Si Orange devrait arriver comme partenaire Premium cet automne, certains doivent regretter encore plus le désengagement de Total (qui promettait un chèque de plus de 100 millions d’euros), sous la pression de la maire de Paris Anne Hidalgo. Ce qui avait donné lieu à un bras de fer en coulisse entre elle et Estanguet. Le président de la République Emmanuel Macron avait même commenté sur France Info : « C’est plus facile d’écarter de l’argent privé en donnant des leçons de morale que d’en trouver, donc maintenant on doit mobiliser collectivement tous les financeurs français. » Anne Hidalgo pouvait se montrer intransigeante, la ville de Paris n’est pas comptable du passif des JO. L’État reste le garant.

Les transports au cœur du débat

À quatre années de l’échéance, il va donc falloir faire preuve d’inventivité face aux problèmes budgétaires. Un des exemples les plus flagrants reste celui des retards dans le chantier des lignes de métro 16 et 17 du futur Grand Paris Express.

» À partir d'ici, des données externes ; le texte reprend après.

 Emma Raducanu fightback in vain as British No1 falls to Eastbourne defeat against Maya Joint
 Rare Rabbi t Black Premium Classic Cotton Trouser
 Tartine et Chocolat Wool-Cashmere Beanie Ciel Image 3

Après la confirmation, le 22 juin, par le secrétaire d’État aux Transports Jean-Baptiste Djebbari, que ces lignes ne seraient pas livrées à temps au Bourget, en Seine-Saint-Denis, les organisateurs vont devoir trouver des solutions alternatives pour desservir cette zone olympique, où doivent se disputer tir et volley-ball, mais qui doit surtout accueillir le centre et le « village des médias », qui ne devrait pas être sacrifié sur l’autel des économies. Mais une baisse du nombre de logements (1500 prévus dans le dossier) pourrait être envisagée. Nouveau challenge pour Paris 2024 : trouver un plan B pour acheminer les gens sur les sites. Un surcoût que les organisateurs voient d’un mauvais œil. « La réalité, c’est que le sujet est clef pour l’organisation », glisse un membre du Cojo.

Début mai, Tony Estanguet avait fixé un cap : trouver des pistes d’économies dans « les coulisses des JO » comme la restauration, la sécurité et les transports. Ces derniers ne pourront certainement plus être source d’économies, mais de lignes supplémentaires dans le budget.

Ne pas renoncer à l’« héritage » laissé aux territoires

Comme autre économie, le Cojo a déjà envisagé de réduire le nombre de lits au village olympique, de 18 000 à 15 000.

De plus, fin avril, la facture totale de l’opération pour construire le centre aquatique olympique à Saint-Denis, équipement phare des JO, a été réévaluée à 174,7 millions d’euros de fonds publics, contre 113 initialement.

Mais Paris 2024 ne veut pas renoncer à l’« héritage » laissé aux territoires. Pourtant, les organiseurs sont dans l’incapacité d’évaluer l’impact économique de la crise du coronavirus sur les quatre prochaines années en France. Il faudra donc qu’ils se donnent des marges de manœuvre pour rester dans le budget, et il y aura certainement des mécontents.

« On peut regarder s’il y a des économies à faire, laissons de côté le “bling-bling” qui caractérise parfois les Jeux olympiques, et je ne parle pas forcément de Paris 2024. Mais il est hors de question qu’on sacrifie l’héritage pour la Seine-Saint-Denis », prévient déjà Stéphane Troussel (PS), président du conseil départemental de Seine-Saint-Denis, l’un des départements les plus pauvres de l’Hexagone.

Pour commencer, Paris 2024 va devoir reconfigurer ou retarder certains recrutements. Et surtout, mettre d’accord toutes les parties prenantes dans ce dossier budgétaire devenu épineux en l’espace de quelques mois.